Polynomials

[BobbyJones]

This question says the 7th degree polynomial x^7 - 3x^6 - 7x^4 + 21x^3 - 8x +24 has a factor of (x-3)


a) Divide x^7 - 3x^6 - 7x^4 + 21x^3 - 8x +24 bu x-3, and put in form (x-3)(ax^6+bx^3+c)

---I've done this part

b) By putting z = x^3, find all the factors, real or complex of the 6th degree polynomial and thus express x^7 - 3x^6 - 7x^4 + 21x^3 - 8x +24 as the product of seven linear factors.

----I've managed to find the real factors but cant find the Imaginary. Can someone show me how to work out the imaginary factors please.

Thankyou.

 

[soroban]

Hello, BobbyJones!

\(\displaystyle \text{The polynomial }f(x) \:=\:x^7 - 3x^6 - 7x^4 + 21x^3 - 8x +24\) .\(\displaystyle \text{ has a factor of }(x-3).\)

\(\displaystyle \text{a) Divide }f(x)\text{ by }x-3\text{, and put in the form: }(x-3)(ax^6+bx^3+c)\)

--- I've done this part


b) By putting z = x^3, . This is unnecessary.
. . find all the factors, real or complex of the 6th degree polynomial
. . and thus express \(\displaystyle f(x)\) as the product of seven linear factors.

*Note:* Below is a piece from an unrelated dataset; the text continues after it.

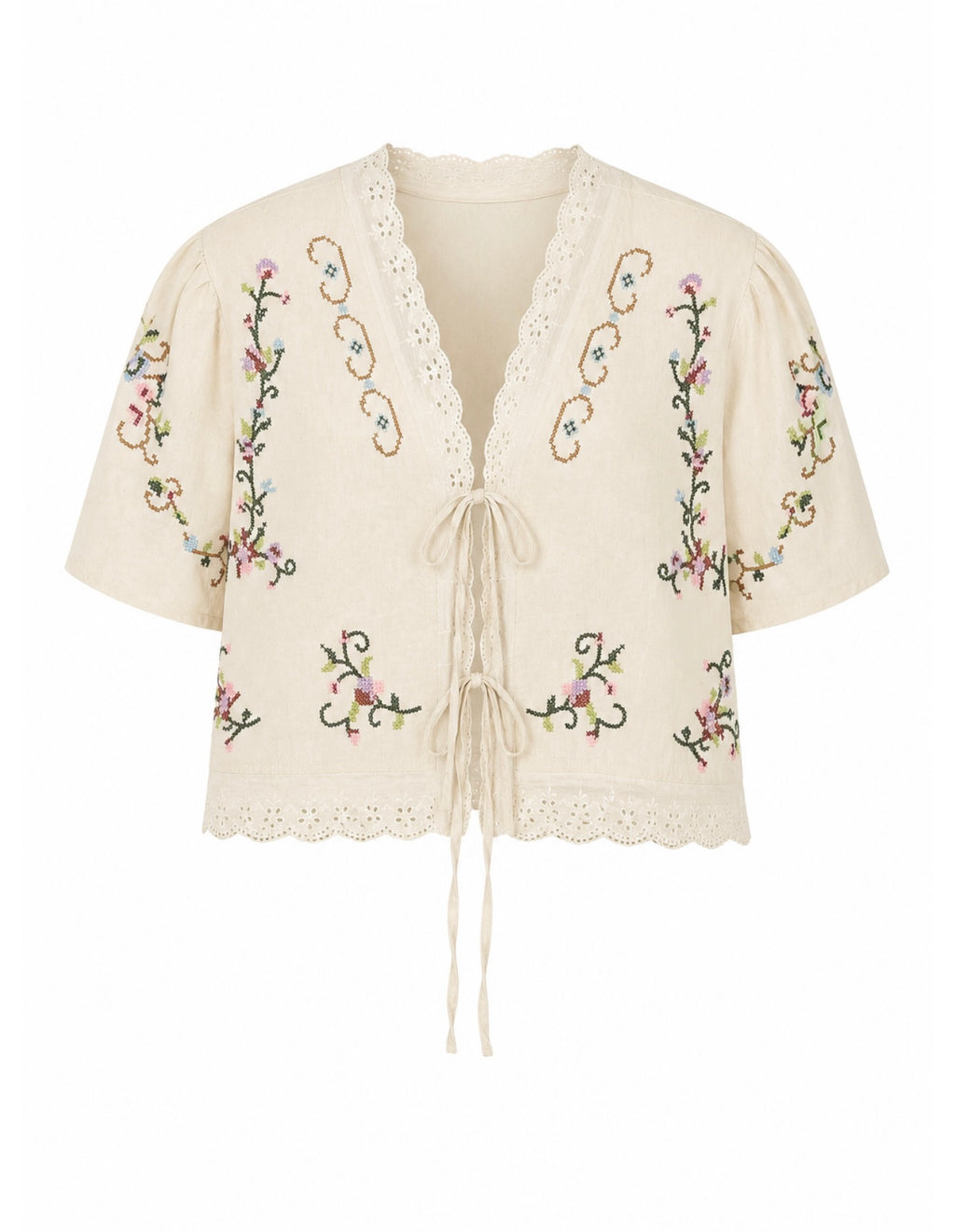 Beige Vintage Set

--- I've managed to find the real factors but cant find the Imaginary.
. . Can someone show me how to work out the imaginary factors please?
. . Thankyou.

\(\displaystyle f(x)\) factors: .\(\displaystyle (x-3)(x^6 - 7x^3 - 8) \:=\:0\)

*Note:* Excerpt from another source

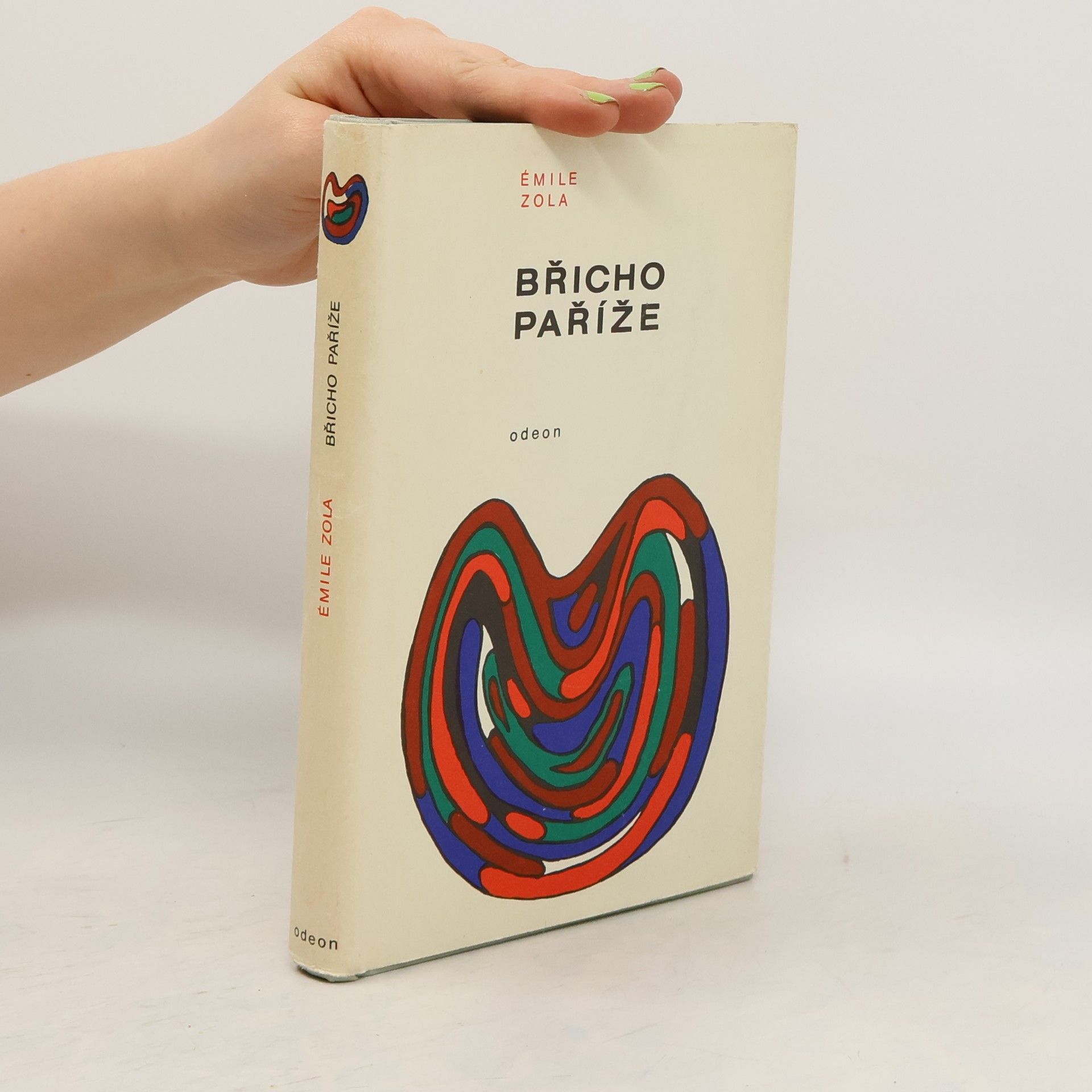 Émile Zola Břicho Paříže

Hence, one of the factors is: \(\displaystyle (x - 3)\)


We have: .\(\displaystyle x^6 - 7x^3 - 8 \:=\:0\)

Factor: .\(\displaystyle (x^3 + 1)(x^3-8) \:=\:0\)

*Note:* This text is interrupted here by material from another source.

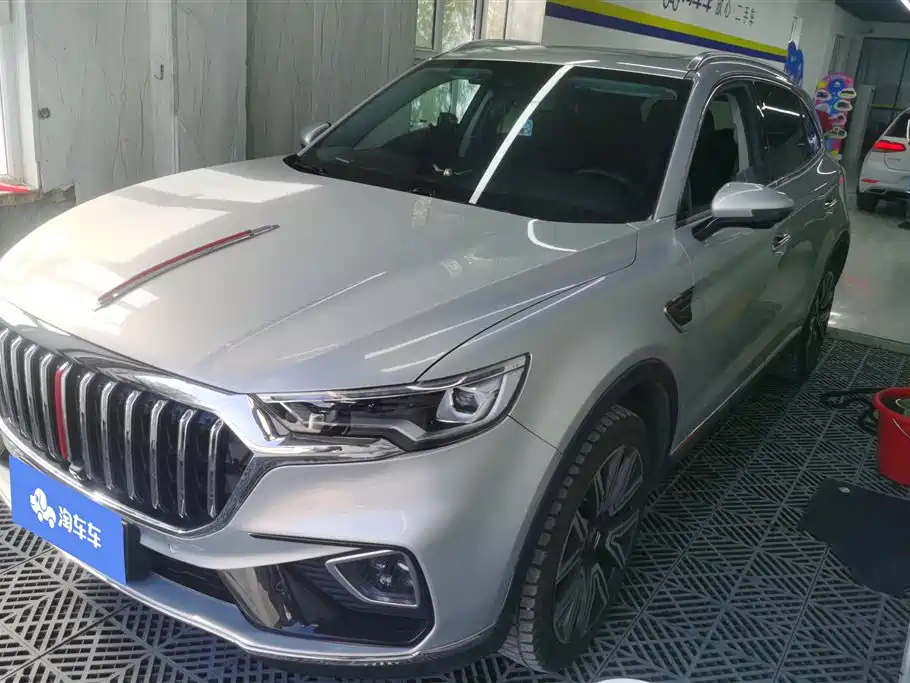 Hongqi HS5 2022 2.0T Smart Connect 4WD Flagship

And we have two cubic equations to solve . . .


\(\displaystyle x^3 + 1 \:=\:0 \quad\Rightarrow\quad (x+1)(x^2 - x + 1) \:=\:0\)

. . Hence: .\(\displaystyle (x + 1)\) is a factor.

.\(\displaystyle x^2-x+1\:=\:0 \quad\Rightarrow\quad x \:=\:\dfrac{1 \pm i\sqrt{3}}{2} \)
. . Hence: ..\(\displaystyle \left(x - \frac{1 + i\sqrt{3}}{2}\right)\,\text{ and }\,\left(x - \frac{1-i\sqrt{3}}{2}\right)\,\text{ are factors.}\)


\(\displaystyle x^3 - 8 \:=\:0 \quad\Rightarrow\quad (x - 2)(x^2 +2x + 4) \:=\:0\)

. . Hence: .\(\displaystyle (x-2)\) is a factor.

\(\displaystyle x^2 + 2x + 4 \:=\:0 \quad\Rightarrow\quad x \:=\:\dfrac{\text{-}2 \pm\sqrt{-12}}{2} \:=\:\dfrac{\text{-}2\pm2i\sqrt{3}}{2} \:=\:\text{-}1 \pm i\sqrt{3}\)

. . Hence: .\(\displaystyle \left(x - \left[\text{-}1 + i\sqrt{3}\right]\right)\,\text{ and }\,\left(x - \left[\text{-}1 - i\sqrt{3}\right]\right)\,\text{ are factors.} \)


Therefore: .\(\displaystyle f(x) \;=\;(x-3)(x+1)(x-2)\left(x - \frac{1\pm i\sqrt{3}}{2}\right)\big(x - [\text{-}1 \pm i\sqrt{3}]\big)\)


By the way, this is not a Differential Equation problem.